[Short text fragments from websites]
┌──

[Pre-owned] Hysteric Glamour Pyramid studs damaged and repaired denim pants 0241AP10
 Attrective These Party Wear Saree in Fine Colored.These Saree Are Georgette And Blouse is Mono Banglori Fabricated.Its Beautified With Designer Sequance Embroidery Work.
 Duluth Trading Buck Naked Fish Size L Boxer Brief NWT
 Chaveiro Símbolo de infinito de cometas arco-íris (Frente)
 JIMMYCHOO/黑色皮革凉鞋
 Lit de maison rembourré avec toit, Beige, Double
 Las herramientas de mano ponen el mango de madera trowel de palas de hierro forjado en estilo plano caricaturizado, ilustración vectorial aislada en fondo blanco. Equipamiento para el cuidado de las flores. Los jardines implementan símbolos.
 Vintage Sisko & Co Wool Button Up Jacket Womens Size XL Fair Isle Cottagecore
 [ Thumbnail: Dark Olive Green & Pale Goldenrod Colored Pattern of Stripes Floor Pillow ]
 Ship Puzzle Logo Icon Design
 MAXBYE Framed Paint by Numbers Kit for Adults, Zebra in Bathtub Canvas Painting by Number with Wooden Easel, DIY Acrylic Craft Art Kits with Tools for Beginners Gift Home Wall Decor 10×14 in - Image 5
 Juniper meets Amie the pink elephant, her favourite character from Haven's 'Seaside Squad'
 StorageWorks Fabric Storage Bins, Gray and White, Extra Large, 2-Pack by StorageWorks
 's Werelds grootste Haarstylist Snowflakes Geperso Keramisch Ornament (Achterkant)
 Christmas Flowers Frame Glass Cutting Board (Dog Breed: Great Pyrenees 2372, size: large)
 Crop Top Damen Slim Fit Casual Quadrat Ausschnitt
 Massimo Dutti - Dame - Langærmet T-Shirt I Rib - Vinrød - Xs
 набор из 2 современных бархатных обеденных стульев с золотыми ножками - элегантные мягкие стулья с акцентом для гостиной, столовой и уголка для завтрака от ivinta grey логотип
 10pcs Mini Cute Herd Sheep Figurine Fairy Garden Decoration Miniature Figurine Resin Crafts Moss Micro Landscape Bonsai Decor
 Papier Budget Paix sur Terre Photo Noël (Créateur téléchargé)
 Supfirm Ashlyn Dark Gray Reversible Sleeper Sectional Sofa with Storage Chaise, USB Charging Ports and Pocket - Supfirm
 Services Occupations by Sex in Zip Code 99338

└──

(Work instruction)
Every record above needs to be returned in full, exactly.

(Completed exercise)
[Pre-owned] Hysteric Glamour Pyramid studs damaged and repaired denim pants 0241AP10
 Attrective These Party Wear Saree in Fine Colored.These Saree Are Georgette And Blouse is Mono Banglori Fabricated.Its Beautified With Designer Sequance Embroidery Work.
 Duluth Trading Buck Naked Fish Size L Boxer Brief NWT
 Chaveiro Símbolo de infinito de cometas arco-íris (Frente)
 JIMMYCHOO/黑色皮革凉鞋
 Lit de maison rembourré avec toit, Beige, Double
 Las herramientas de mano ponen el mango de madera trowel de palas de hierro forjado en estilo plano caricaturizado, ilustración vectorial aislada en fondo blanco. Equipamiento para el cuidado de las flores. Los jardines implementan símbolos.
 Vintage Sisko & Co Wool Button Up Jacket Womens Size XL Fair Isle Cottagecore
 [ Thumbnail: Dark Olive Green & Pale Goldenrod Colored Pattern of Stripes Floor Pillow ]
 Ship Puzzle Logo Icon Design
 MAXBYE Framed Paint by Numbers Kit for Adults, Zebra in Bathtub Canvas Painting by Number with Wooden Easel, DIY Acrylic Craft Art Kits with Tools for Beginners Gift Home Wall Decor 10×14 in - Image 5
 Juniper meets Amie the pink elephant, her favourite character from Haven's 'Seaside Squad'
 StorageWorks Fabric Storage Bins, Gray and White, Extra Large, 2-Pack by StorageWorks
 's Werelds grootste Haarstylist Snowflakes Geperso Keramisch Ornament (Achterkant)
 Christmas Flowers Frame Glass Cutting Board (Dog Breed: Great Pyrenees 2372, size: large)
 Crop Top Damen Slim Fit Casual Quadrat Ausschnitt
 Massimo Dutti - Dame - Langærmet T-Shirt I Rib - Vinrød - Xs
 набор из 2 современных бархатных обеденных стульев с золотыми ножками - элегантные мягкие стулья с акцентом для гостиной, столовой и уголка для завтрака от ivinta grey логотип
 10pcs Mini Cute Herd Sheep Figurine Fairy Garden Decoration Miniature Figurine Resin Crafts Moss Micro Landscape Bonsai Decor
 Papier Budget Paix sur Terre Photo Noël (Créateur téléchargé)
 Supfirm Ashlyn Dark Gray Reversible Sleeper Sectional Sofa with Storage Chaise, USB Charging Ports and Pocket - Supfirm
 Services Occupations by Sex in Zip Code 99338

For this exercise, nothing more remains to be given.